Sudan Resists UN Efforts for Peace
The four-year-old conflict in Darfur continued in 2007, with the Janjaweed—the pro-government Arabic militias—slaughtering black villagers and rebel groups with impunity. More than 200,000 have been killed in Darfur and 2.5 million have become refugees. In. January 2007, the government of Sudan and Darfur rebel groups agreed to a 60-day cease-fire, which was intended to lead to peace talks sponsored by the African Union. Libya hosted peace talks in October, but several rebel groups boycotted the proceedings, and the summit ended shortly after the opening ceremony.

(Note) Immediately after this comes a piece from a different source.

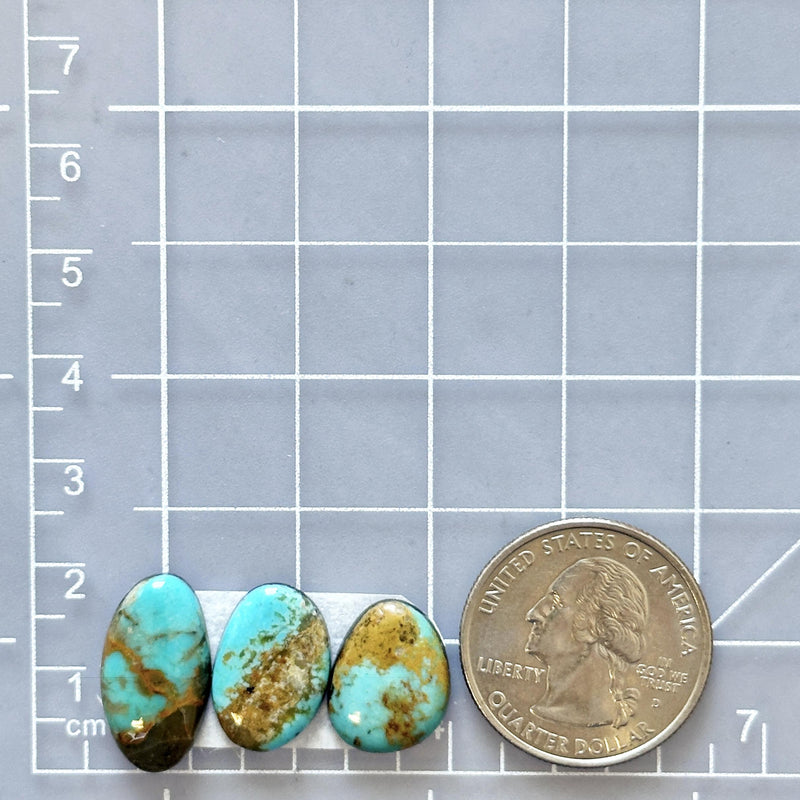 Small Sky Blue Mixed Number 8 Turquoise, Set of 3 Dimensions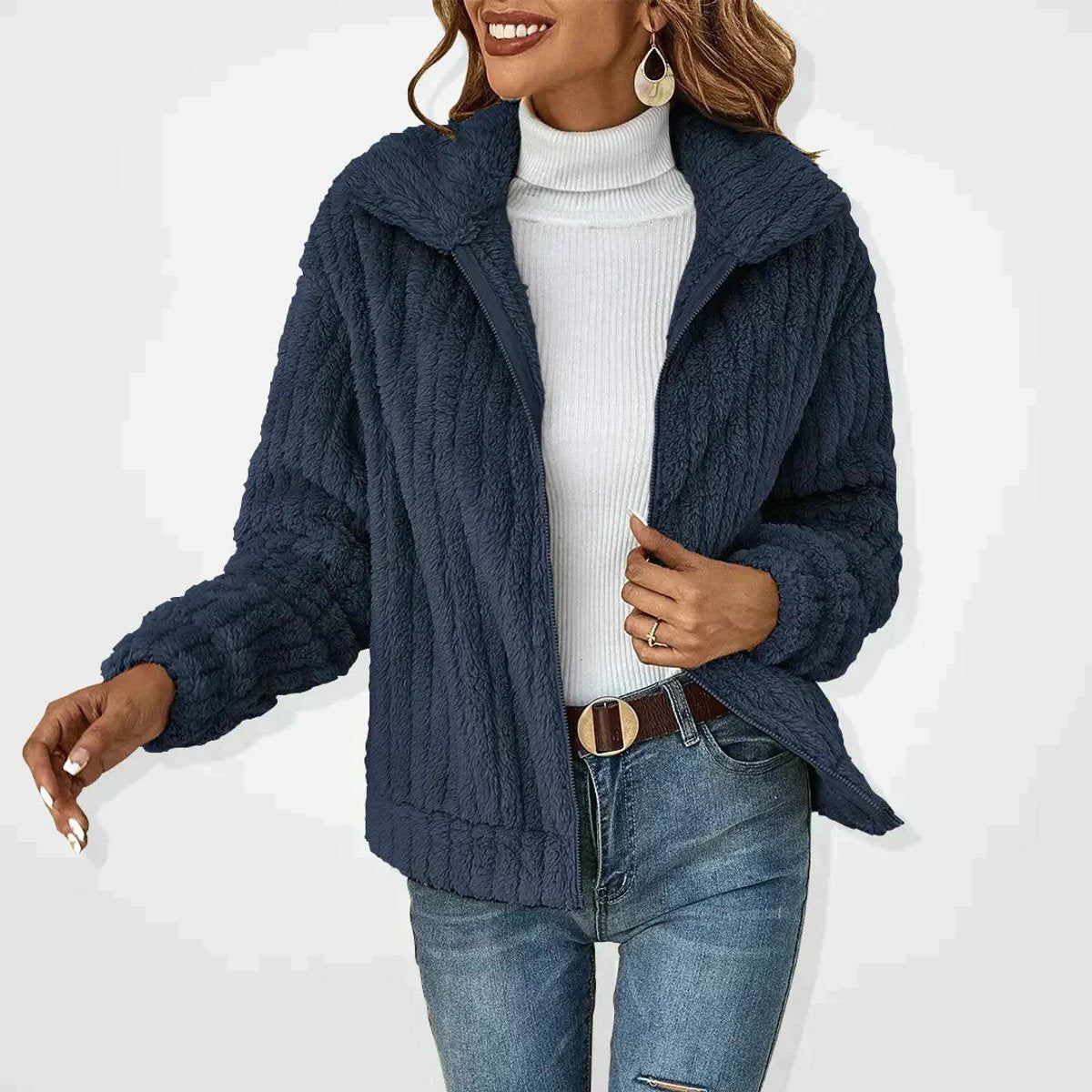 Women's Quilted Fleece Jacket - Relaxed Zip-Up Coat | Autumn - Navy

In February 2007, the International Criminal Court at the Hague named Ahmad Harun, Sudan's deputy minister for humanitarian affairs, and Ali Abd-al-Rahman, a militia leader, as suspects in the murder, rape, and displacement of thousands of civilians in the Darfur region. In May, the Court issued arrest warrants for Haroun and Ali Kosheib, a Janjaweed leader, charging them with mass murder, rape, and other crimes. The Sudanese government refused to hand them over to the Court. President Oman al-Bashir, continuing to show disregard and contempt for the UN, placed Harun on a committee that supervises the deployment of UN peacekeepers.
In July 2007, the UN Security Council voted unanimously to deploy as many as 26,000 peacekeepers from the African Union and the United Nations forces to help end the violence in Darfur. The Sudanese government, however, has refused to allow some non-African peacekeepers into the country.